Empezaba a anochecer y yo seguía allí en el patio, con aquel guanajo duro de matar. Entonces me fijé en la escoba y tuve una idea. Sin pensarlo dos veces, la agarré con las dos manos y le caí atrás al guanajo por todo el patio con ella en ristre. Lo apaleé cuanto pude. Le estaba propinando una especie de muerte a la escoba vil. Finalmente, el ave cayó desplomada. Yo estaba exhausta… y todavía me faltaba gran parte de la tarea: desplumarlo con agua hirviente, abrirlo y sacarle los mondongos, y cortarlo en piezas para que me rindiera varias comidas. Coloqué el cadáver del guanajo sobre una meseta de madera. Verlo allí, inerte, me provocó una mezcla de alivio y culpabilidad. Pobrecito. ¡Qué terrible es el hambre! Te endurece el alma y te vuelve una criminal. Me enjugué las lágrimas y fui por el balde de agua hirviente. Le lancé el primer jarrito y… el mundo se paralizó. El guanajo lanzó un chillido espeluznante, saltó de la meseta y empezó a correr por todo el patio cojeando de una pata y soltando las más increíbles maldiciones contra mí y todo mi árbol genealógico. No había muerto el muy bípedo. Solo se había desmayado de tanto escobazo. El agua caliente lo revivió… Ahora trataba de huir de mí, todo magullado y con la mitad de la pechuga achicharrada. ¡Que sufrimiento! El del guanajo y el mío. Ya no podíamos más. Tomé una decisión: No lo mato. Aunque nos mate el hambre, no lo mato. Este guanajo merece morir de muerte natural. Traté de agarrarlo para curarle la quemada y la pata coja pero no pude. Definitivamente, el guanajo no era tan guanajo y ya no confiaba en mí. Me fui a acostar. Tuve pesadillas horribles.

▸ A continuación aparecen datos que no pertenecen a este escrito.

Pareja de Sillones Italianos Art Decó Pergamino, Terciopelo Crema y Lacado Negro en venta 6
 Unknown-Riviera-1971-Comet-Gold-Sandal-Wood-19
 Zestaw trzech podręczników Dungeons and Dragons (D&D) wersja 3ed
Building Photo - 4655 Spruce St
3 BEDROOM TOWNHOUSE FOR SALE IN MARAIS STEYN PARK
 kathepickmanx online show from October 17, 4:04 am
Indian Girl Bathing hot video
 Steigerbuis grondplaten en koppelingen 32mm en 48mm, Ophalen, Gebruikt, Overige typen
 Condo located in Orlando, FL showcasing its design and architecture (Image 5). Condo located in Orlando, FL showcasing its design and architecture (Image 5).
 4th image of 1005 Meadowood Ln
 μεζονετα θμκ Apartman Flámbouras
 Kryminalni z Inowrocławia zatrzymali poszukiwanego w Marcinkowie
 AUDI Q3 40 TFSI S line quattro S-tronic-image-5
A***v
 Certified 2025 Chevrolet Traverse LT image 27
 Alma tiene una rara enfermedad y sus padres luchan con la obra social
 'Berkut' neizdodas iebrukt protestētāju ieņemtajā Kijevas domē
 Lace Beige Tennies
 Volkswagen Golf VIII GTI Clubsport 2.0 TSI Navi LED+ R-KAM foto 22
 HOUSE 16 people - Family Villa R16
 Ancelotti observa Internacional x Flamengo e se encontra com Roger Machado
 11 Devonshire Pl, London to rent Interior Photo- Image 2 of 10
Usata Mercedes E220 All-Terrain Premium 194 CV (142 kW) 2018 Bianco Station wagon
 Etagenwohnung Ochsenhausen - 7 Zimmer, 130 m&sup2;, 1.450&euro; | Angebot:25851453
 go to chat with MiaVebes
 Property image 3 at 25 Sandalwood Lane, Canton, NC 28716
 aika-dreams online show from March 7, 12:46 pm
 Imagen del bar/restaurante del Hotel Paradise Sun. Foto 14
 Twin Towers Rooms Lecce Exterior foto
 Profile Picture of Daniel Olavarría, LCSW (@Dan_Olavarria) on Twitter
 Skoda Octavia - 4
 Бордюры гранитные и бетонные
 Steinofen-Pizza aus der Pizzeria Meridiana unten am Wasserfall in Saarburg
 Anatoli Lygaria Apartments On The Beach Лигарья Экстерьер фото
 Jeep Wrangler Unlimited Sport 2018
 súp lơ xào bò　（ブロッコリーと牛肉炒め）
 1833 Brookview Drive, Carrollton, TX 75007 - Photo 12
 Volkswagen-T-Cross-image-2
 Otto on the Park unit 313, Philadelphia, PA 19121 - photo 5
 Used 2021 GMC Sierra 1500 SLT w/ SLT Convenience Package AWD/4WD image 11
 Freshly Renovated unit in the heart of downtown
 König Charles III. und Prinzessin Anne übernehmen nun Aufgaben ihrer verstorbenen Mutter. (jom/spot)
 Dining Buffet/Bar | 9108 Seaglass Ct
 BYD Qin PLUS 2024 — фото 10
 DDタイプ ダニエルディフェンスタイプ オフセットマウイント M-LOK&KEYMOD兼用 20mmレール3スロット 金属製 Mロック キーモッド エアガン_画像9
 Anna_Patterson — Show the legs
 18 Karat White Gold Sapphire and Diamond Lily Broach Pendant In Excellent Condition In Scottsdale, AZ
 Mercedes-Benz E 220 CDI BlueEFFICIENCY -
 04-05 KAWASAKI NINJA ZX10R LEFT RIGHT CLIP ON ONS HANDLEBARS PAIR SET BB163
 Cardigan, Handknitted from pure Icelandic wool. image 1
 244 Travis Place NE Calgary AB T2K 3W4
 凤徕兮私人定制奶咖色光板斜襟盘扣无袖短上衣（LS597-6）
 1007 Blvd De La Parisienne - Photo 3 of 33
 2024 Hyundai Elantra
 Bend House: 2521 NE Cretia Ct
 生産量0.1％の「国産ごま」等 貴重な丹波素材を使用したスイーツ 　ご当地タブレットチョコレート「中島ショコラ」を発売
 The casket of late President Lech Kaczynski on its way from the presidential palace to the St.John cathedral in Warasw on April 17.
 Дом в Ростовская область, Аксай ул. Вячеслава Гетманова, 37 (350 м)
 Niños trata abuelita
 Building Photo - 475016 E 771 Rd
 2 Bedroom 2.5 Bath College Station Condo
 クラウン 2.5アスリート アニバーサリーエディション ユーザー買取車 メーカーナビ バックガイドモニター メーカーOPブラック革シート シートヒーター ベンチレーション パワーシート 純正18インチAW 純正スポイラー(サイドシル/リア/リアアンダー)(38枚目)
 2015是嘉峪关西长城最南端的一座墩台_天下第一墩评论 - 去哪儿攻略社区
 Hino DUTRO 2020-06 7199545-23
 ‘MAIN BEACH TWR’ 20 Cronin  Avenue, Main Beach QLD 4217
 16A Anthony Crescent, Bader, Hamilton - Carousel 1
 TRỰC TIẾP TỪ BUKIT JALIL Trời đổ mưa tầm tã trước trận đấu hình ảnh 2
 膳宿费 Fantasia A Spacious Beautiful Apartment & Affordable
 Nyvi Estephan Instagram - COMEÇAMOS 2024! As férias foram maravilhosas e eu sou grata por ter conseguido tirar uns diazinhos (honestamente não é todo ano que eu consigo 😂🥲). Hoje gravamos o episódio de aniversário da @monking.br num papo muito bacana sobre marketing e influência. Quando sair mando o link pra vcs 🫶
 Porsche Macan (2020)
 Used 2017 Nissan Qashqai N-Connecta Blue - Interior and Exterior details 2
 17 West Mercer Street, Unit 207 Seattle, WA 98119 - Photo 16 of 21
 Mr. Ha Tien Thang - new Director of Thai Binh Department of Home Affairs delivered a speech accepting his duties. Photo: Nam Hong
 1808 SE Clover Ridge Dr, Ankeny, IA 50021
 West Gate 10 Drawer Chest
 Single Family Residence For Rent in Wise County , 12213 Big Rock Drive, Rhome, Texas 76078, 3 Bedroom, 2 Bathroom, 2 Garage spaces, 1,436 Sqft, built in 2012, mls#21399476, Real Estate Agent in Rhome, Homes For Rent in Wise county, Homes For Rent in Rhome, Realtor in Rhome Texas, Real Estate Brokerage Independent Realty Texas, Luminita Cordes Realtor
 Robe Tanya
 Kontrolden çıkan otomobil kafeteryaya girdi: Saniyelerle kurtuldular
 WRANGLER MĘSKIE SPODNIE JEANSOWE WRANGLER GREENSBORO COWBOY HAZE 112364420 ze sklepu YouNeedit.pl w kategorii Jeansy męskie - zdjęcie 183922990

Al día siguiente me lo encontré mejorado. Ya no cojeaba tanto y la quemada estaba menos roja. Me robé un poquito del arroz de la cuota, sin que nadie me viera, y se lo llevé al fondo del patio. Se lo comió de un tirón y me miró agradecido. Regresé a la cocina. Allí estaba mi suegra, preparándose un vaso de agua con azúcar para desayunar.
-¿Ya mataste al guanajo?
-No
-¿Y eso?
-Está enfermo.
-¿Enfermo? ¿Qué tiene?
-Es algo en la piel, como una erupción en la pechuga. Mejor esperamos que se cure, no vaya a ser que nos enfermemos nosotros también…


Esa fue mi coartada. Como nunca más le saldrían plumas en aquella zona escaldada – que por demás era en forma de V de victoria - esa sería su salvación. El guanajo murió 5 años después. Se atragantó con el botón de una bata de casa que se secaba en la tendedera. Nunca pudo controlar aquella hambre esteparia que lo hacía alucinar. Pero para ese entonces nos habíamos hecho grandes amigos. Hasta venía a saludarme cada vez que yo llegaba del trabajo. Imposible olvidarlo. Le puse Aurelio pero en confianza le decía Yeyito. Por eso no como pavo. Ese es mi pequeño tributo a su memoria. Yo sé que desde dondequiera que esté, él me lo agradece. Mucho más si se trata del día de dar gracias.